# Rugby coach



## berilyn (Feb 26, 2008)

Hi, don't know if anyone can help / advise.

My husband has a Level 3 coaching certificate throught the South African Rugby Board

Would anyone know where we can find out about rugby coaching jobs - schools/ clubs etc. Preferably in Brisbane

thanks


----------



## Dolly (Feb 17, 2008)

berilyn said:


> Hi, don't know if anyone can help / advise.
> 
> My husband has a Level 3 coaching certificate throught the South African Rugby Board
> 
> ...


Hi berilyn,

Here's the link for rugby union in Brisbane. 
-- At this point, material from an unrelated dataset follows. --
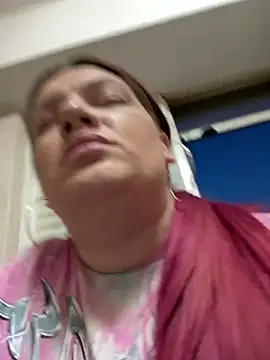 Snapshot of MelanieBrownn chatting on 03.12.25 MelanieBrownn online show from 03.12.25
Queensland qru | Brisbane Club News

Why not send them an email and ask the question?

Dolly


----------



## Liana Allan (Dec 21, 2007)

Hi Berilyn
When it comes to rugby out here in Australia.......perhaps ask your husband to apply for the job using his own email address. The reason why is that the tough rugby critics out here are not going to look too kindly on an international rugby coach getting his wife to do it for him. It might sound silly but I come from a family of rugby-heads, referees and coaches. One comment I hear from players and the like is that it drives them crazy when their wives try and administrate their professional rugby careers. My husband is out doing a rugby trial at this very moment in time. There is no way I would be allowed to interfere with that 'process'. Unless they have a manager, a player, coach, ref should be able to look for and apply for a job himself. If he can't then he can't be that motivated and therefore usually deemed not good enough for the top job etc etc etc
I'd be contacting the ARU. Also some of the smaller clubs? Does he have any other qualifications? Teacher? Perhaps school rugby? John Eals went to school in Brisbane. Brothers I think it was called.
Anyway, tell your husband good luck!


----------



## berilyn (Feb 26, 2008)

Dear Liana

Thanks for the response

My husband has already made enquiries to 2 jobs advertised for junior rugby coaching jobs.
He has coached school boy rugby for the lats 8 years at a school here in Johannesbur.

I work in the accounting field but we are looking at all ptions to get to Aus.

We need to ensure a better, safer life for my 3 year old son. So every avenue we can exlpore we will try

Thanks again
Berilyn


----------